Caption-style text data
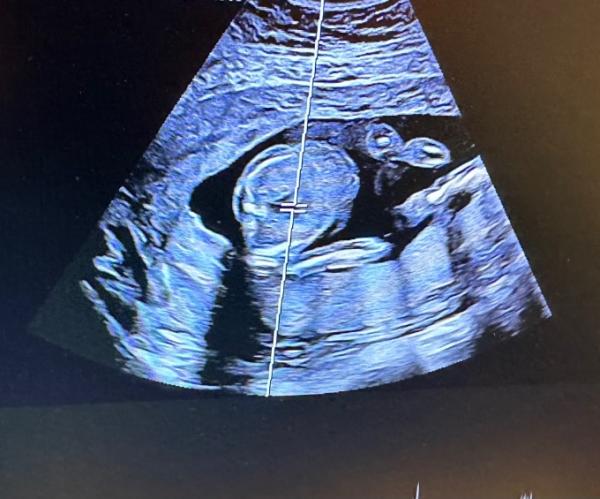 Bild zu Geschlecht 18ssw - Forum für Mai - Mamis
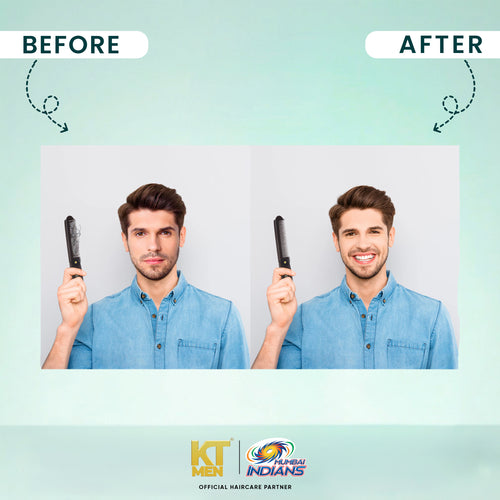 Root Force Anti Hairfall Conditioning Shampoo - 200 ml (Mumbai Indians)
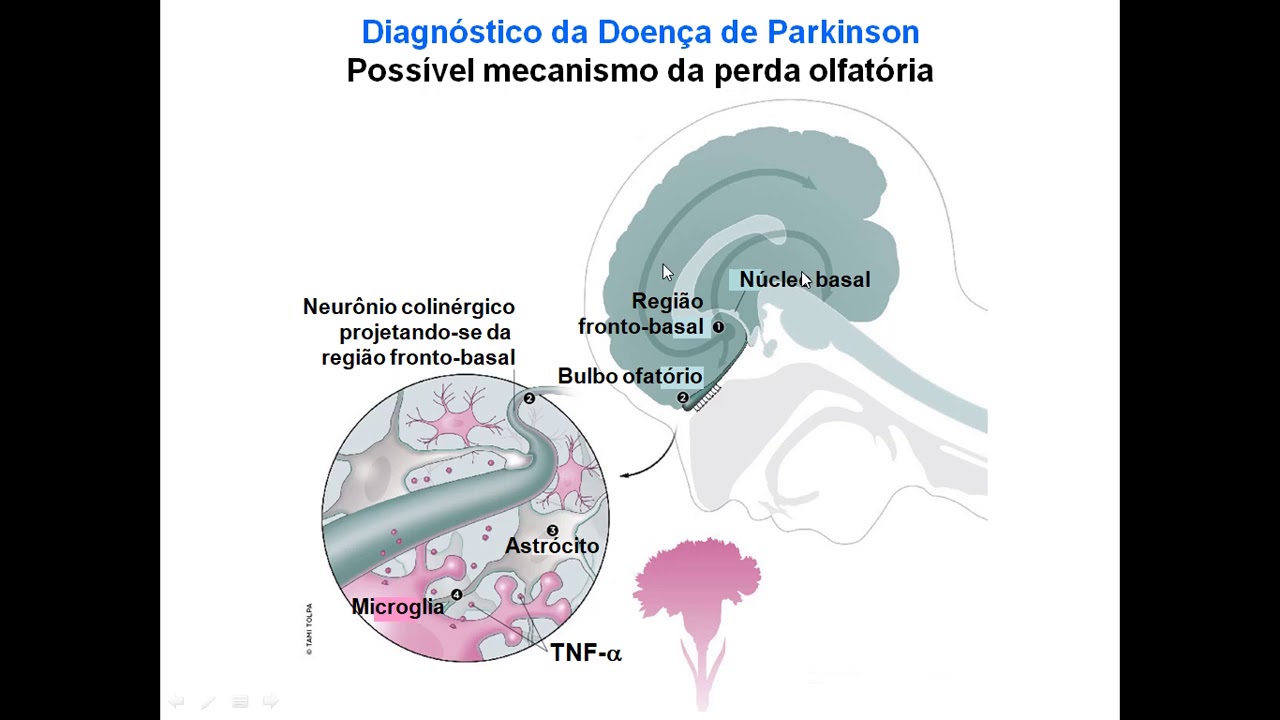 Aula5 - Doença de Parkinson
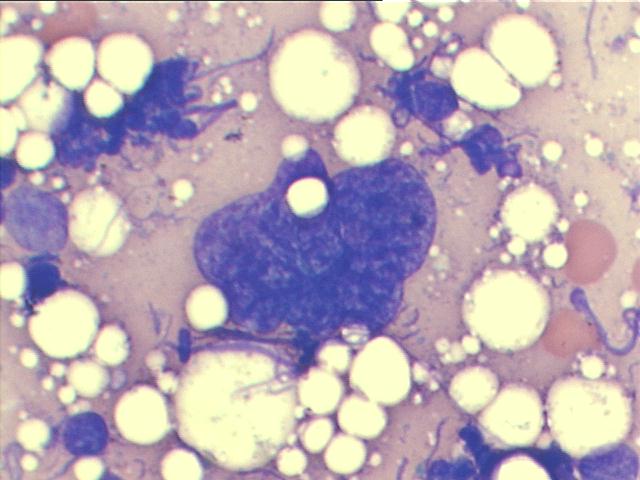 M-G-G staining, 1,000x, larger view of previous image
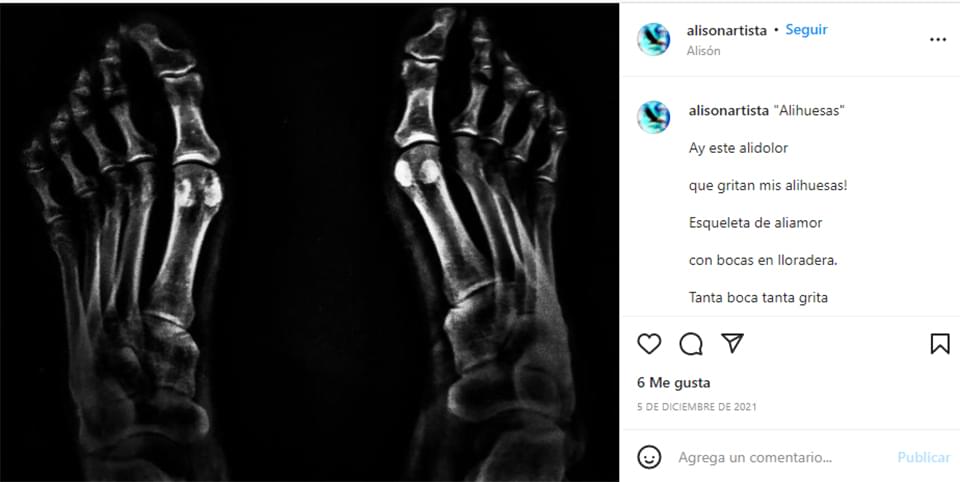 Obra Alihuesas de Alisón de la categoría En Primera Persona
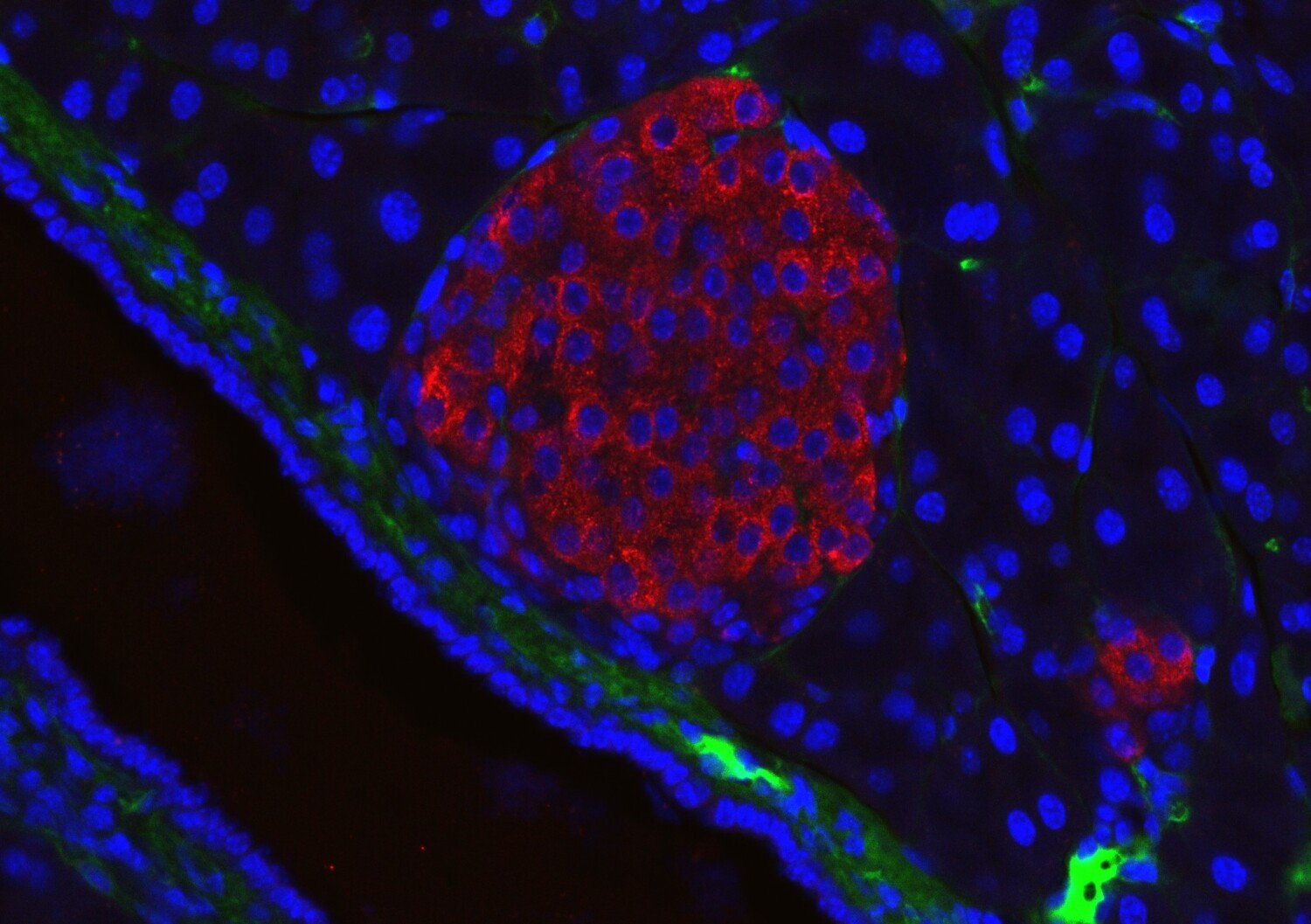 Un avance clave en diabetes: crean una técnica para observar células productoras de insulina en tiempo real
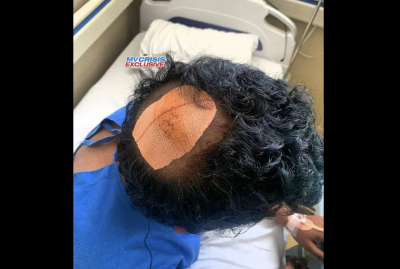 މެންބަރު ޒަރީރަށް ހަމަލާ ދިނީ ފަސް މީހުންގެ ގްރޫޕަކުން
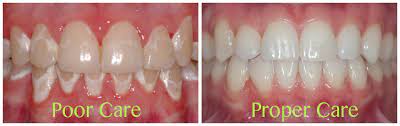 Do Orthodontic Braces Cause White Spots On Teeth Dr Kyle Fagala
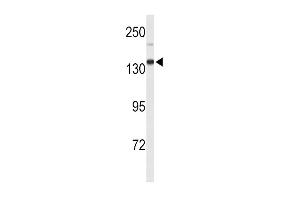 Western blot analysis of XDH Antibody (N-term) (ABIN653225 and ABIN2842759) in mouse lung tissue lysates (35 μg/lane). (XDH 抗体  (N-Term))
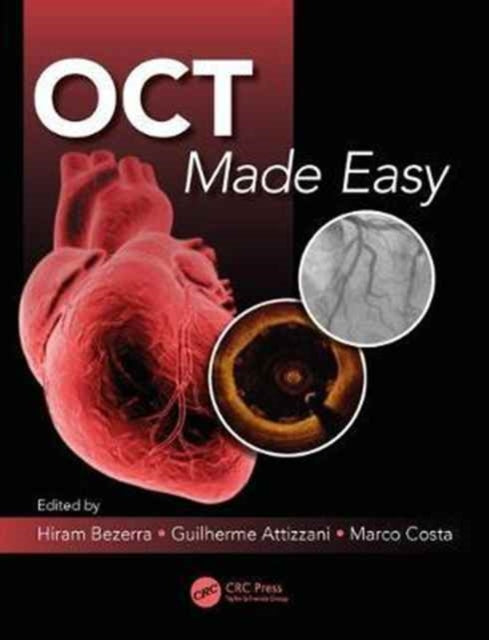 Book cover of: OCT Made Easy. By: Guilherme F. Attizzani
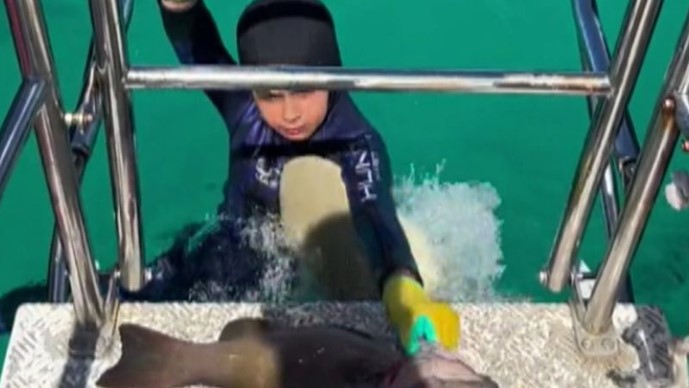 Cậu bé 8 tuổi bị con cá mập cắn vào phần ngực. Ảnh: Today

Your task | Reproduce the data above exactly, leaving out any picture in it.

Output below |
 Bild zu Geschlecht 18ssw - Forum für Mai - Mamis
 Root Force Anti Hairfall Conditioning Shampoo - 200 ml (Mumbai Indians)
 Aula5 - Doença de Parkinson
 M-G-G staining, 1,000x, larger view of previous image
 Obra Alihuesas de Alisón de la categoría En Primera Persona
 Un avance clave en diabetes: crean una técnica para observar células productoras de insulina en tiempo real
 މެންބަރު ޒަރީރަށް ހަމަލާ ދިނީ ފަސް މީހުންގެ ގްރޫޕަކުން
 Do Orthodontic Braces Cause White Spots On Teeth Dr Kyle Fagala
 Western blot analysis of XDH Antibody (N-term) (ABIN653225 and ABIN2842759) in mouse lung tissue lysates (35 μg/lane). (XDH 抗体  (N-Term))
 Book cover of: OCT Made Easy. By: Guilherme F. Attizzani
 Cậu bé 8 tuổi bị con cá mập cắn vào phần ngực. Ảnh: Today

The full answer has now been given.